*** ENTRIES SUPPLIED ***

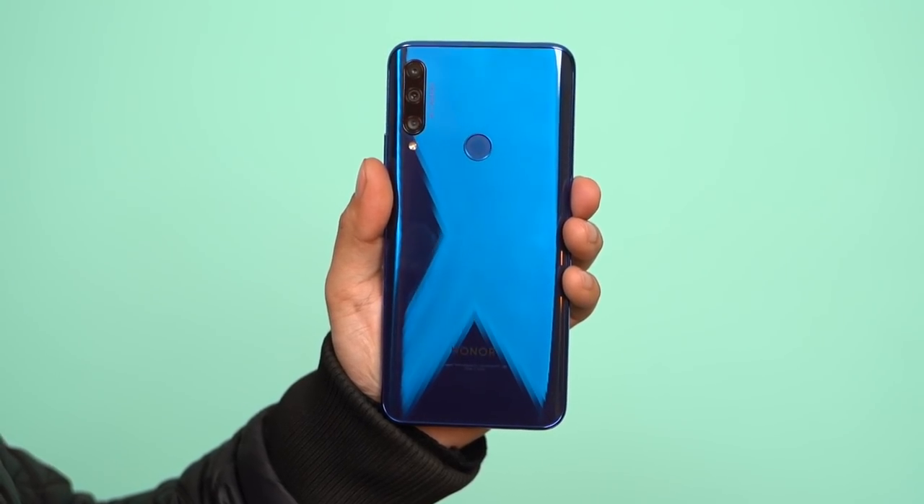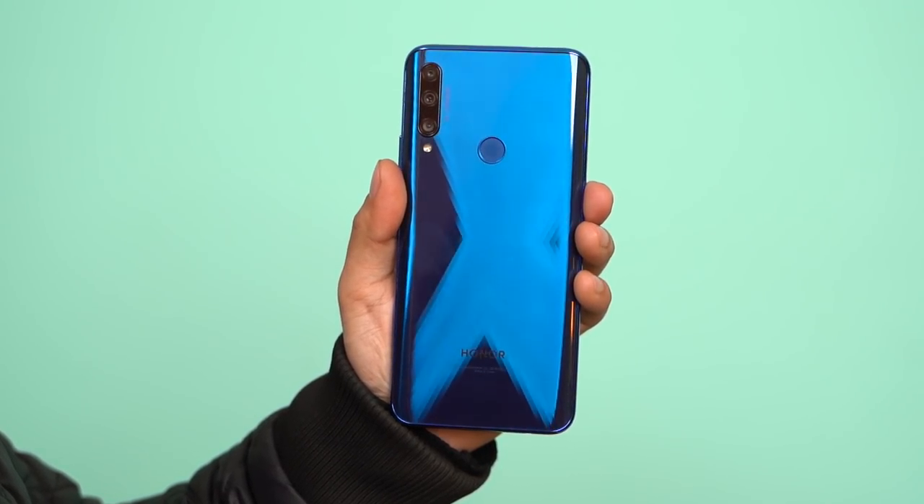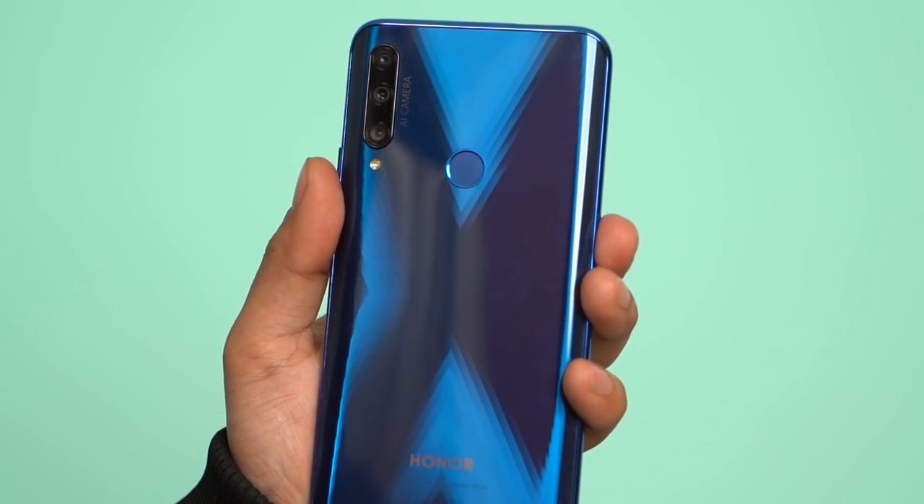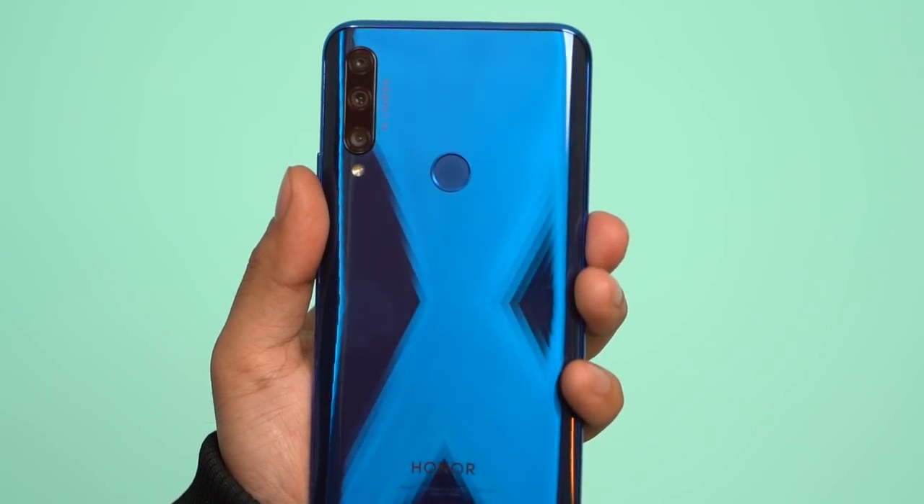Let's start with the design. The Honor 9X's back glass goes from side frame to side frame. This is a little bit disappointing — similar to the Honor 8X, which was also made from side frame to side frame. The design is not great. The back is shiny, but you can see an X-type pattern at certain angles, which looks cool.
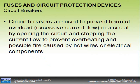Circuit breakers are also used in automotive circuits. They stop the current flow and open to prevent overheating and possible fire caused by hot wires or components. One common place we see circuit breakers used is in the headlamp circuit. The answer for why lies in how a circuit breaker works.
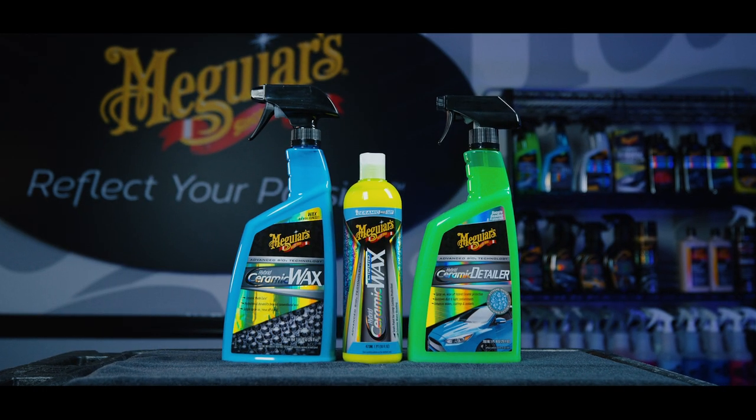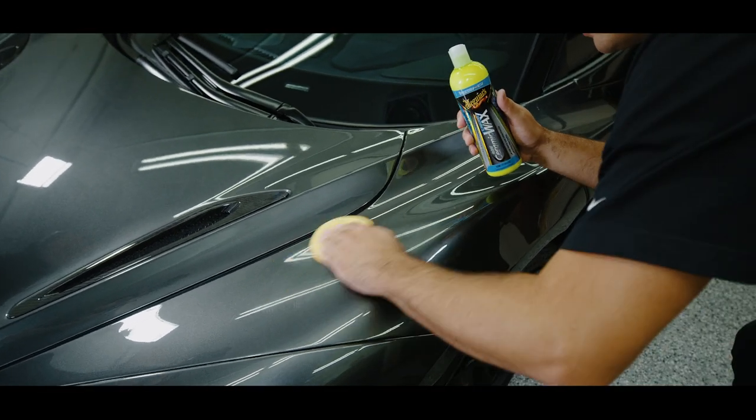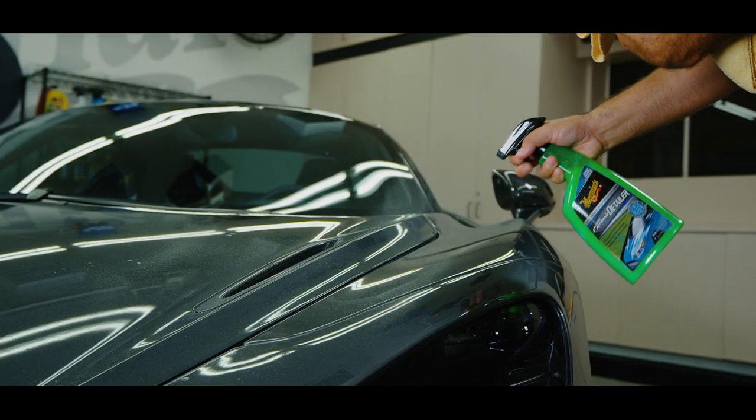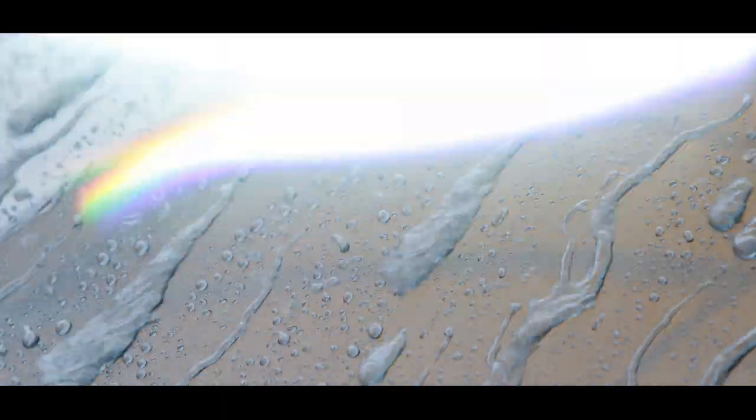While you may be tempted to use Meguiar's hybrid ceramic family of products on glass, plastic, or even windows, it's not recommended. While they won't damage these surfaces, the fact is they were not designed for these surfaces and therefore you will not see the benefits of our hybrid ceramic properties like you would on a painted surface.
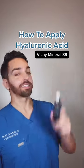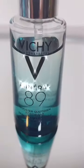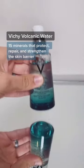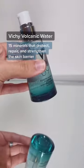Apply hyaluronic acid like a dermatologist, featuring the legendary Vichy Mineral 89. This product contains only 11 ingredients, including Vichy volcanic water, making it amazing for sensitive skin.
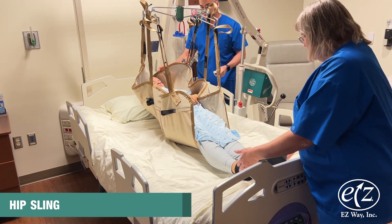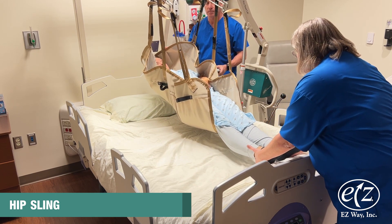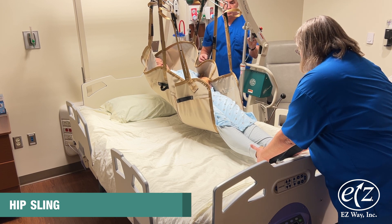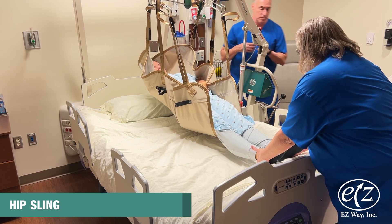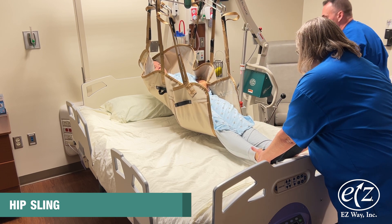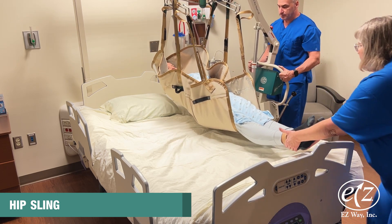Continue to raise the person until they have cleared the surface. Note the knees will bend. Make sure to raise the person's feet if needed to help clear the surface. Maneuver the lift to complete the transfer, raising the feet if needed to clear the surface to which you are transferring the person.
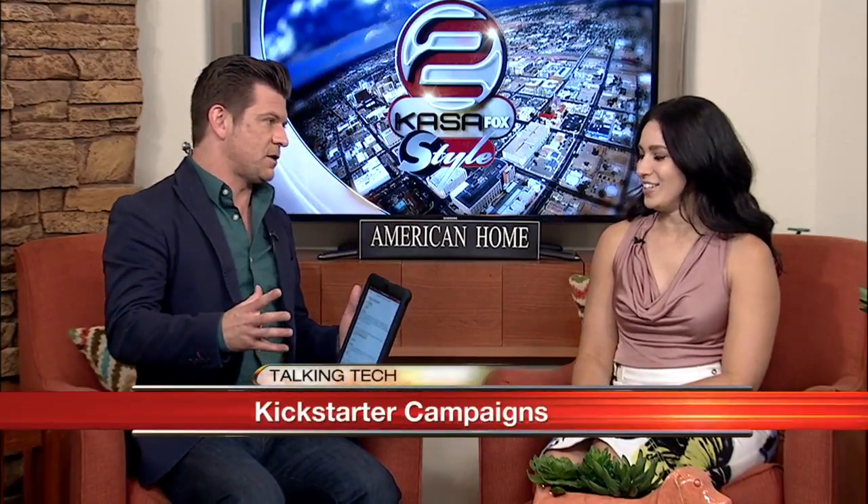You always bring in some really great stuff. We were just talking about this in break — sometimes it's hard to vet the projects that are on Kickstarter. But you have brought in some projects that you think are pretty cool and could potentially have some longevity and really go somewhere. So I brought three projects for us today. They're all totally different, but really offer something unique and something that I haven't seen before when it comes to technology.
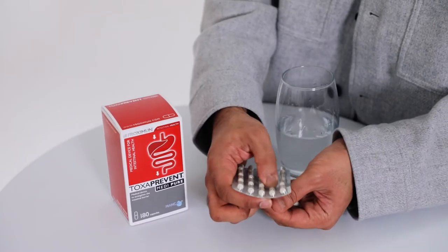Simply take two Tox Brent Medipure capsules 30 minutes before each meal, up to three times per day, with 200 millilitres of water.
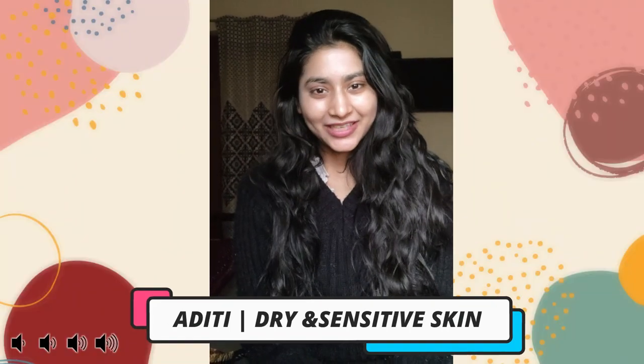Hi everyone, I'm Aditi, and today I'll be sharing my experience with the Minimalist SPF 50. I have very dry skin, and since it's already winters, it tends to get really stretchy and very tight. I even experience a bit of skin peeling if it's not hydrated enough. I also have a very sensitive skin type — if I brush it a little harshly, it tends to get red. I have a bit of texture here and there, but nothing major. So that's how my skin is.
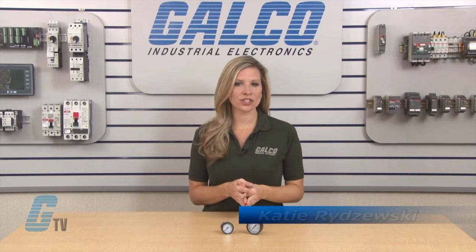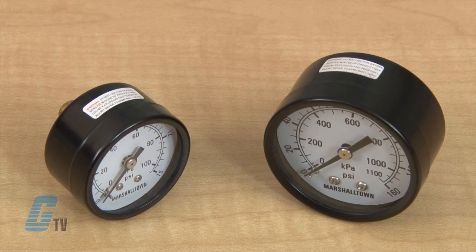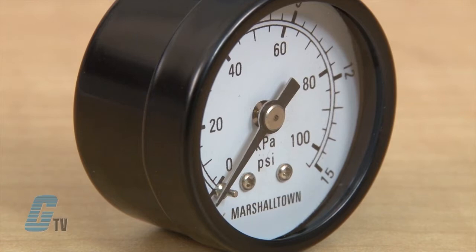Welcome to G-TV! Today I will be showing you Marsh's Marshalltown series of gauges. These economical gauges are used for general purpose applications and are suited for use with water, oil, air, gas, or other non-corrosive elements.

*** End of ENTRIES SUPPLIED ***

▸ **WHAT YOU NEED TO DO**:
Starting at the line with "While you may" and finishing at the line with "Apply hyaluronic acid", copy the material above exactly, both lines included. Nothing else goes in, and no pictures.

▸ **EXERCISE OUTPUT**:
While you may be tempted to use Meguiar's hybrid ceramic family of products on glass, plastic, or even windows, it's not recommended. While they won't damage these surfaces, the fact is they were not designed for these surfaces and therefore you will not see the benefits of our hybrid ceramic properties like you would on a painted surface.
Apply hyaluronic acid like a dermatologist, featuring the legendary Vichy Mineral 89. This product contains only 11 ingredients, including Vichy volcanic water, making it amazing for sensitive skin.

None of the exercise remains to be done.